This is the home of Fully Bayesian Combat, an extension of Longitudinal ComBat, which uses fully Bayesian inference rather than empirical Bayes.
See our corresponding paper here.
BayesComBat is a fully Bayesian implementation of ComBat, a model often used for harmonization of brain imaging features (e.g. cortical thickness) from across multiple sites. ComBat models and removes scanner effects from the data using a hierarchical Bayesian model. BayesComBat relies on NumPyro (and Jax) for MCMC sampling.
Install from github:
git clone https://github.com/batmanlab/BayesComBat
or with pip:
pip install BayesComBat
There are three functions used to harmonize data with BayesComBat. First, infer
performs the Bayesian inference and saves MCMC objects in outdir. This is the longest step.

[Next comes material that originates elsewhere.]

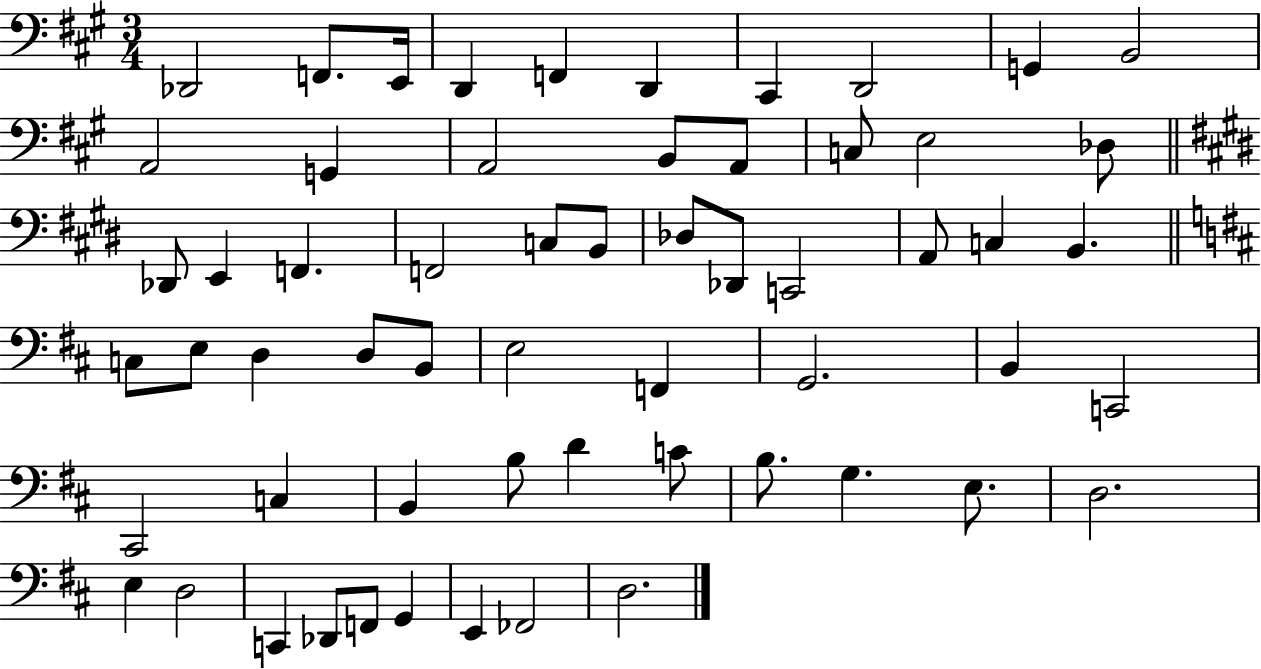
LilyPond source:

The inference+save samples steps should be divided into iterations using num_iterations
to prevent memory errors from saving large sample files.
from BayesComBat import hamonize
import pandas as pd
# Load data
data = pd.read_csv('my_imaging_data.csv')

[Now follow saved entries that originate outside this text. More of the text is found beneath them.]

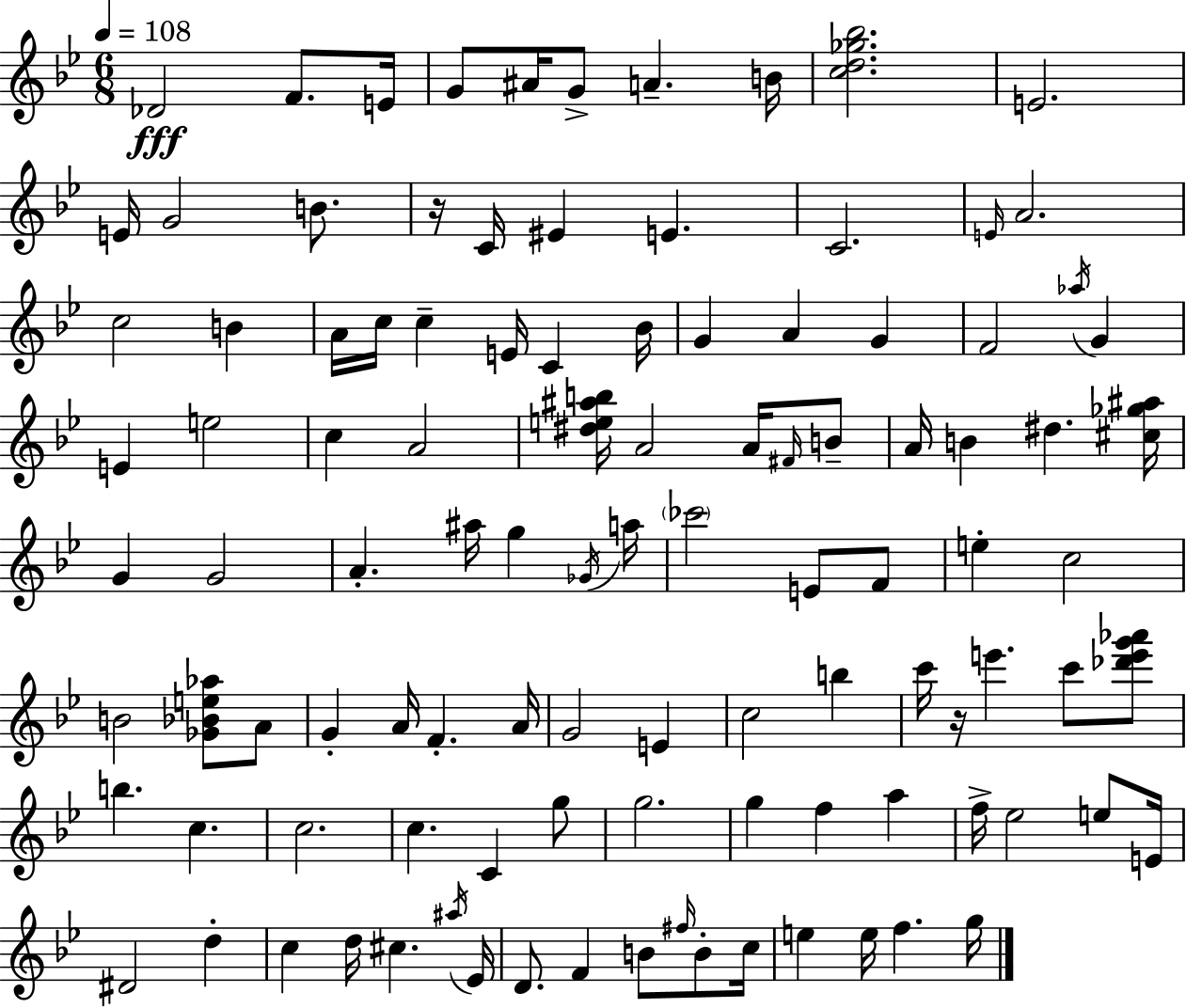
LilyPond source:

{
  \clef treble
  \numericTimeSignature
  \time 6/8
  \key bes \major
  \tempo 4 = 108
  des'2\fff f'8. e'16 | g'8 ais'16 g'8-> a'4.-- b'16 | <c'' d'' ges'' bes''>2. | e'2. | \break e'16 g'2 b'8. | r16 c'16 eis'4 e'4. | c'2. | \grace { e'16 } a'2. | \break c''2 b'4 | a'16 c''16 c''4-- e'16 c'4 | bes'16 g'4 a'4 g'4 | f'2 \acciaccatura { aes''16 } g'4 | \break e'4 e''2 | c''4 a'2 | <dis'' e'' ais'' b''>16 a'2 a'16 | \grace { fis'16 } b'8-- a'16 b'4 dis''4. | \break <cis'' ges'' ais''>16 g'4 g'2 | a'4.-. ais''16 g''4 | \acciaccatura { ges'16 } a''16 \parenthesize ces'''2 | e'8 f'8 e''4-. c''2 | \break b'2 | <ges' bes' e'' aes''>8 a'8 g'4-. a'16 f'4.-. | a'16 g'2 | e'4 c''2 | \break b''4 c'''16 r16 e'''4. | c'''8 <des''' e''' g''' aes'''>8 b''4. c''4. | c''2. | c''4. c'4 | \break g''8 g''2. | g''4 f''4 | a''4 f''16-> ees''2 | e''8 e'16 dis'2 | \break d''4-. c''4 d''16 cis''4. | \acciaccatura { ais''16 } ees'16 d'8. f'4 | b'8 \grace { fis''16 } b'8-. c''16 e''4 e''16 f''4. | g''16 \bar "|."
}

#specify features in data to harmonize
features = ['feature1', 'feature2', 'feature3']
#specify biological covariates
covariates = ['covaritate1', 'covariate2']
harmonize.infer(data=data,
features=['feature1', 'feature2', 'feature3'],
covariates=['covaritate1', 'covariate2'],
batch_var='Scanner',
subject_var='Subj_ID',
outdir='/path/to/output/directory',
num_warmup=1000,
num_samples_per_iteration=1000,
num_iterations=10,
num_chains=4
)
Next, harmonize
uses the saved MCMC samples to harmonize the data.
harmonize.harmonize(data=data,
features=['feature1', 'feature2', 'feature3'],
covariates=['covaritate1', 'covariate2'],
batch_var='Scanner',
subject_var='Subj_ID',
outdir='/path/to/output/directory',
num_iterations=10)
Finally, load_harmonized_data
will load an array of size (num_samples,num_images,num_features) with the harmonized data. Note that num_sampples is num_chains * num_iterations * num_samples_per_iteration.
harmonized_data = harmonize.load_harmonized_data(
dir='/path/to/output/directory',
num_iterations=10)
Note: for GPU-accelerated inference, Jax GPU Version should be installed separately (See here).